Work task: Each line from the one with "khulna to celebrate durga puja at 981 mandaps Khulna" through the last line below must be written out exactly. Do not copy pictures.

Data entries:
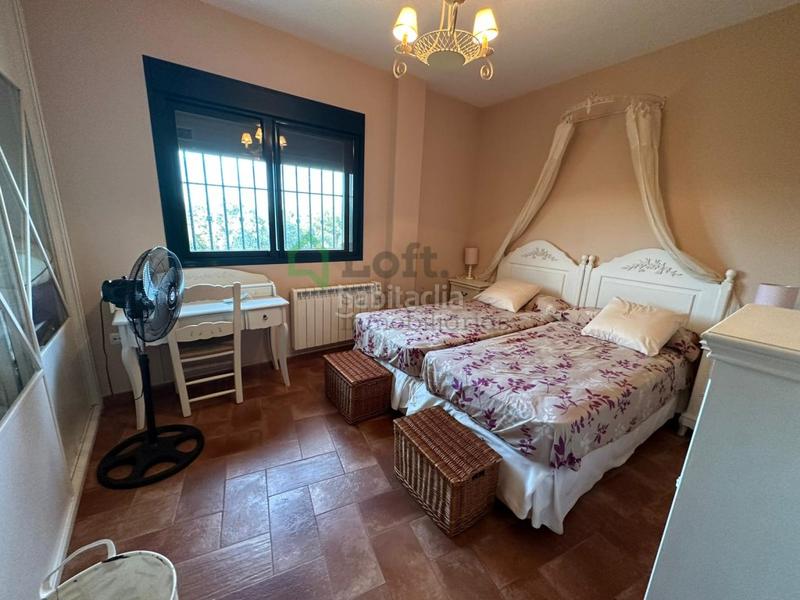 Foto 8b7b9749-5bb5-438f-b180-8878658556a9. Chalet  con piscina privada en tres arroyos en Badajoz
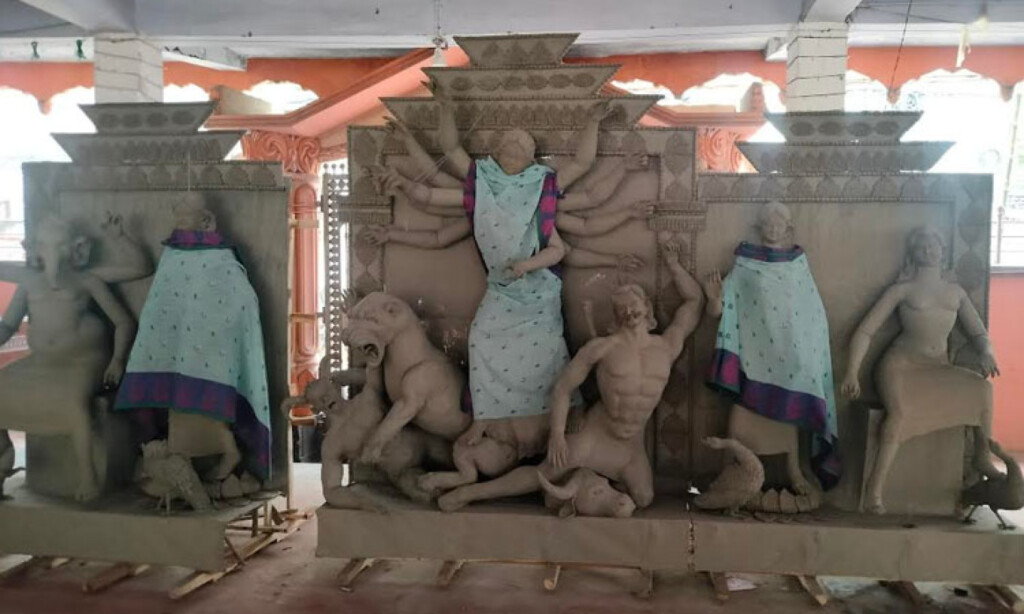 khulna to celebrate durga puja at 981 mandaps Khulna to Celebrate Durga Puja at 981 Mandaps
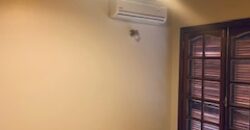 Alquilo Fina Residencia en Villa Morra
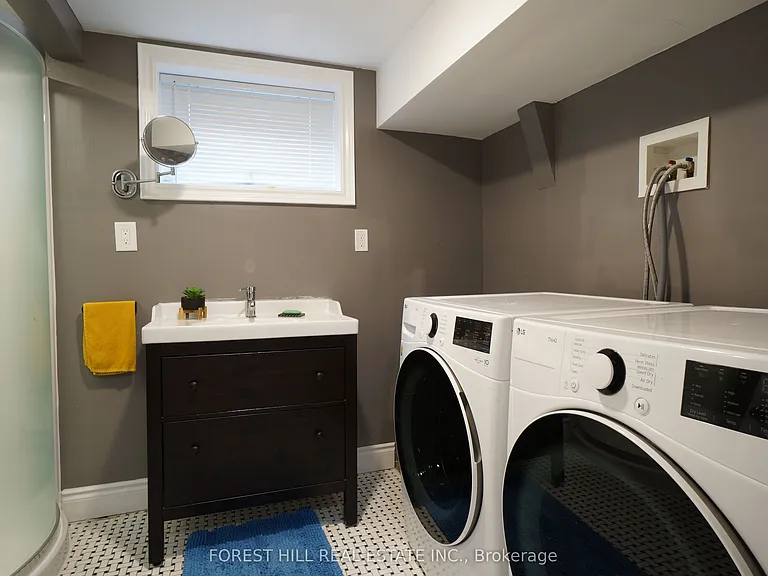 7 Twin Pauls Cres — Photo 12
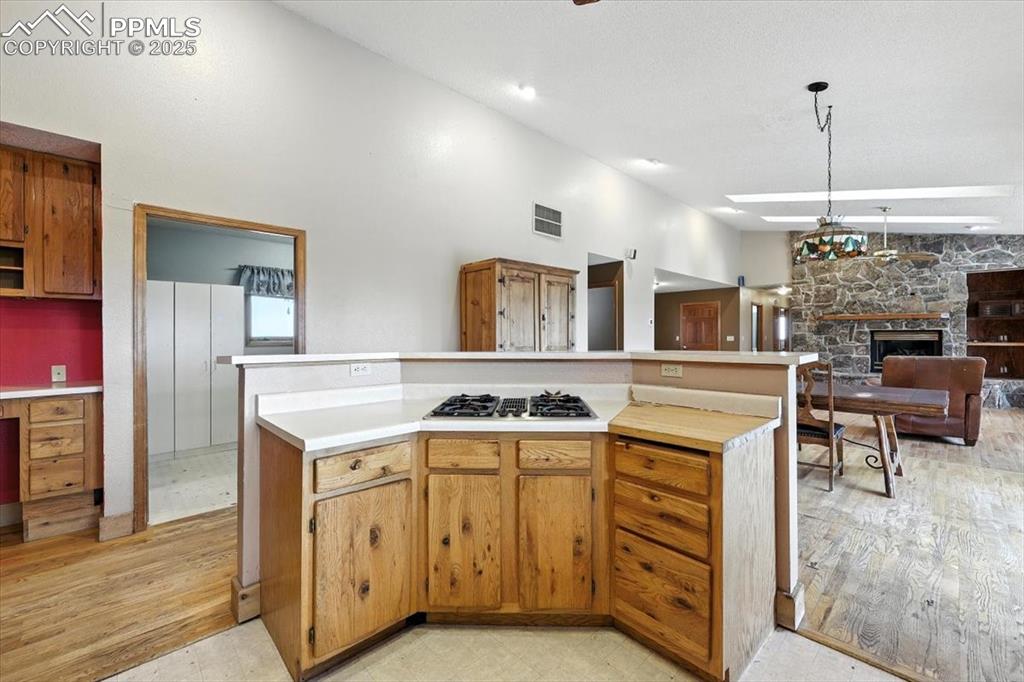 Image 9 of 29: Kitchen 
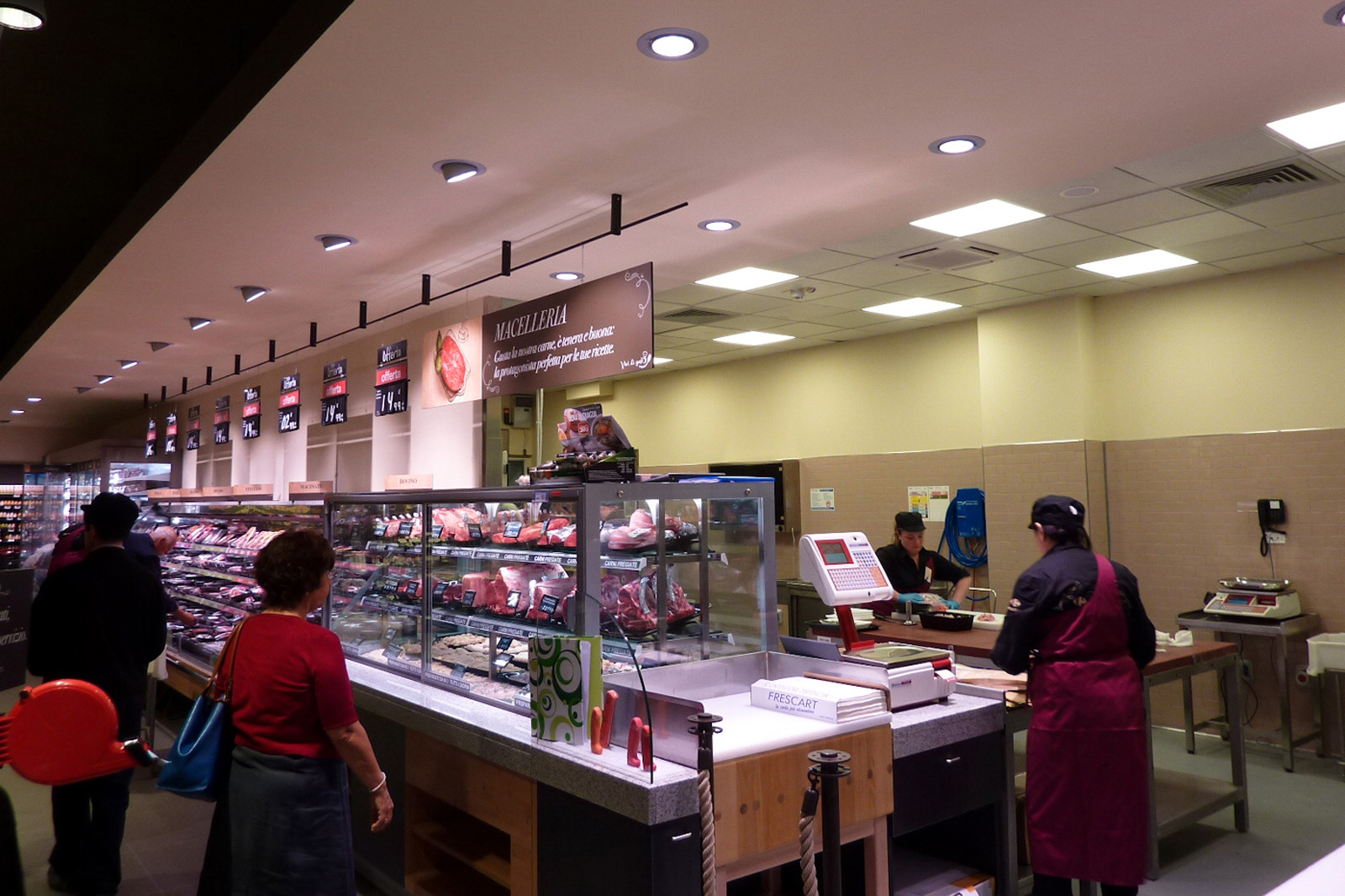 Ristrutturazione e rifacimento layout carrefour market su modello gourmet Varese Traumfabrik studio associato Milano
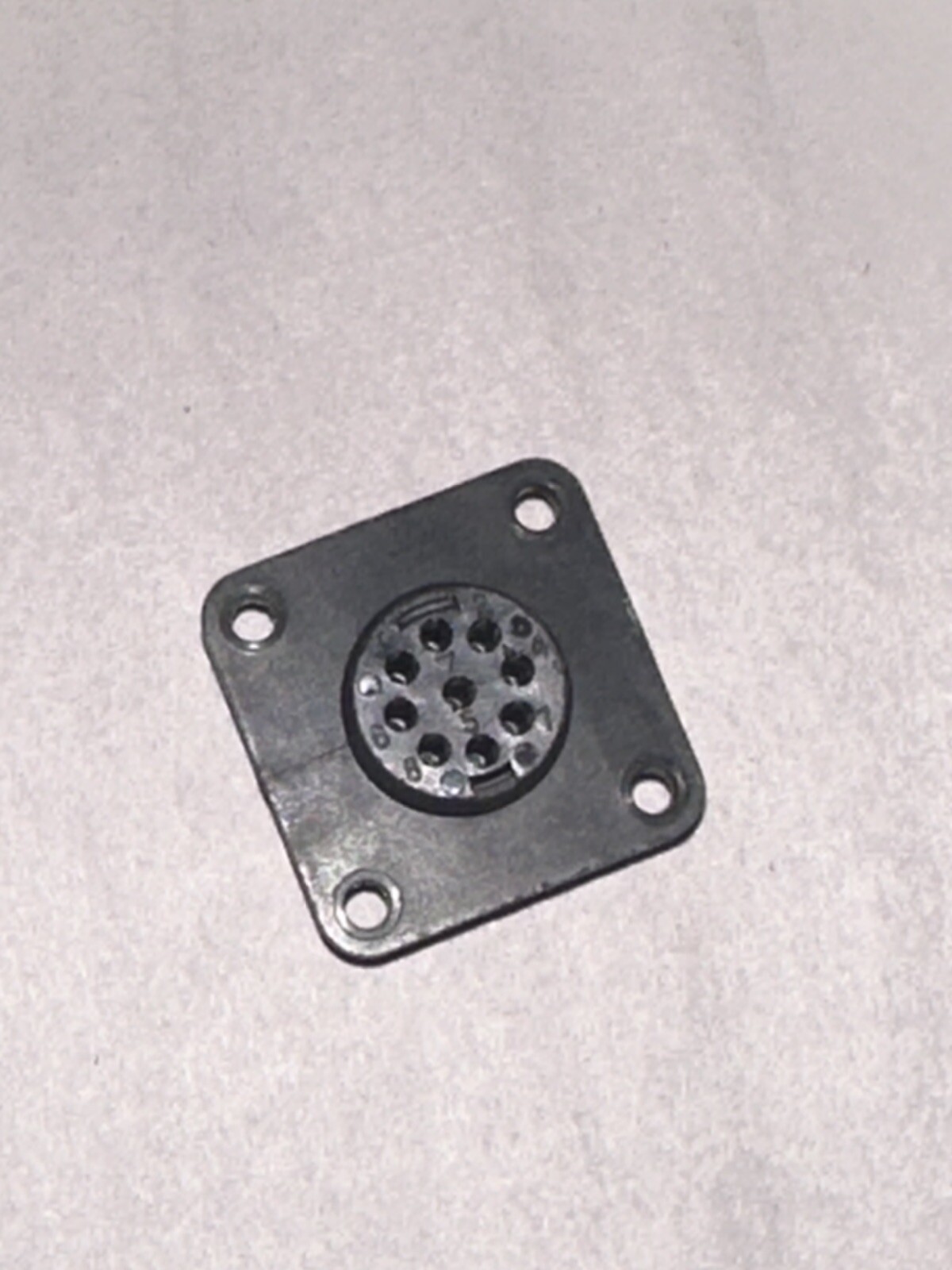 206486-1 79-10 AMP Circular Connector Receptacle Housing Panel Mount 9 Position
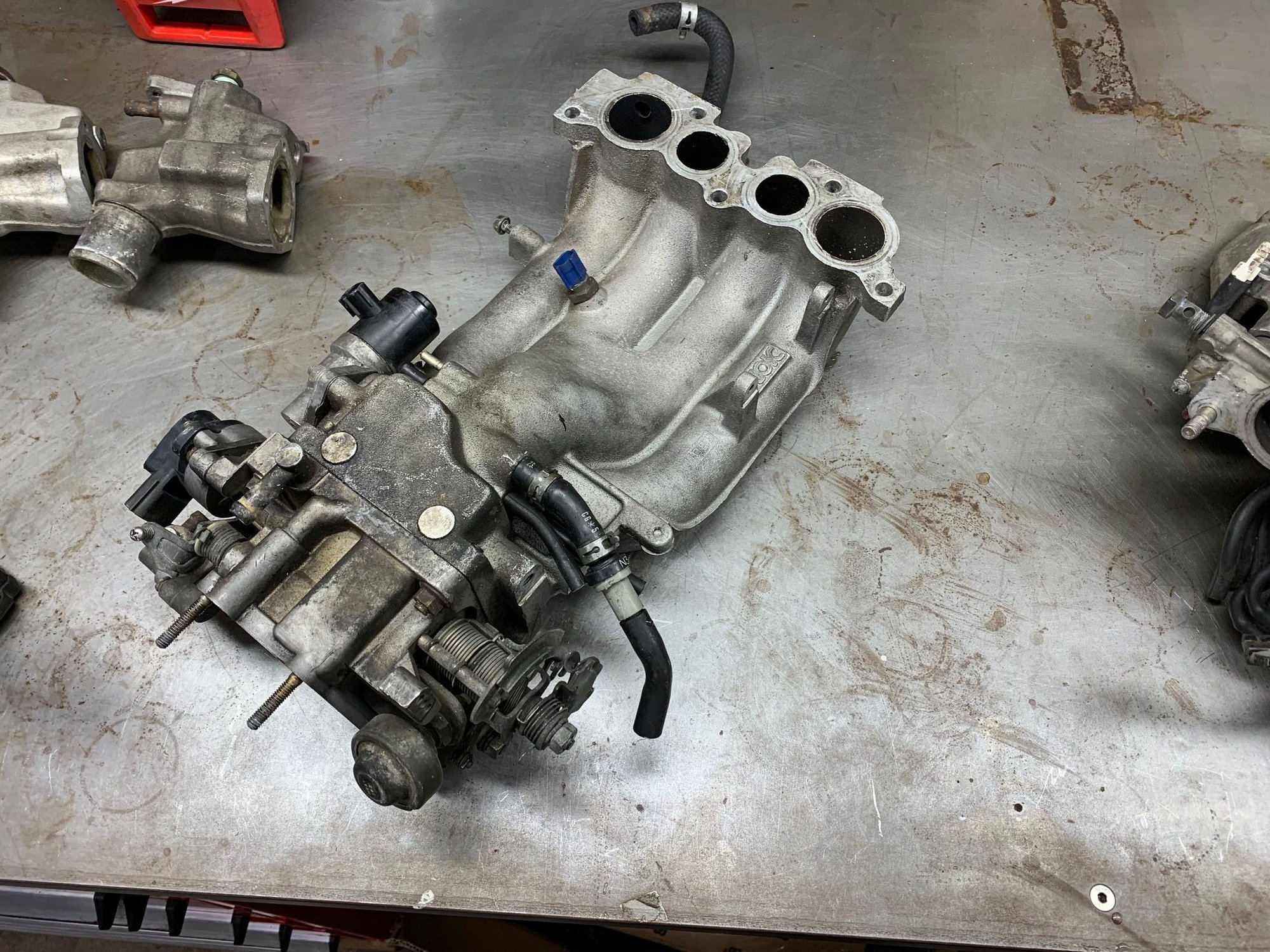 Engine - Intake/Fuel - Complete Intake Manifold, Throttle Body, Injectors, Fuel Rail - Used - 1986 to 2001 Mazda RX-7 - Fort Wayne, IN 46804, United States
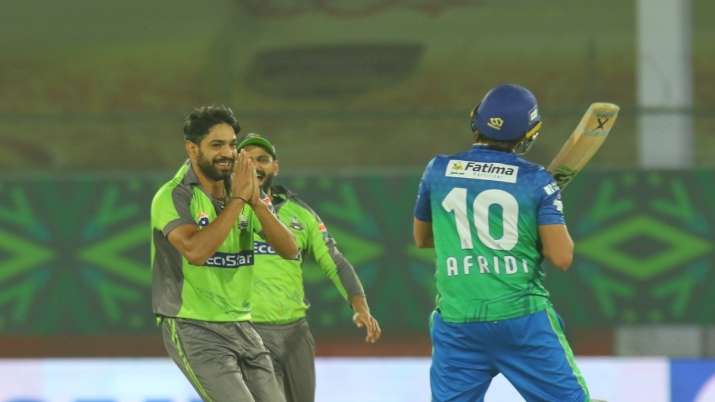 Lahore Qalandars will clash with Karachi Kings in the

Result of the exercise:
 khulna to celebrate durga puja at 981 mandaps Khulna to Celebrate Durga Puja at 981 Mandaps
 Alquilo Fina Residencia en Villa Morra
 7 Twin Pauls Cres — Photo 12
 Image 9 of 29: Kitchen 
 Ristrutturazione e rifacimento layout carrefour market su modello gourmet Varese Traumfabrik studio associato Milano
 206486-1 79-10 AMP Circular Connector Receptacle Housing Panel Mount 9 Position
 Engine - Intake/Fuel - Complete Intake Manifold, Throttle Body, Injectors, Fuel Rail - Used - 1986 to 2001 Mazda RX-7 - Fort Wayne, IN 46804, United States
 Lahore Qalandars will clash with Karachi Kings in the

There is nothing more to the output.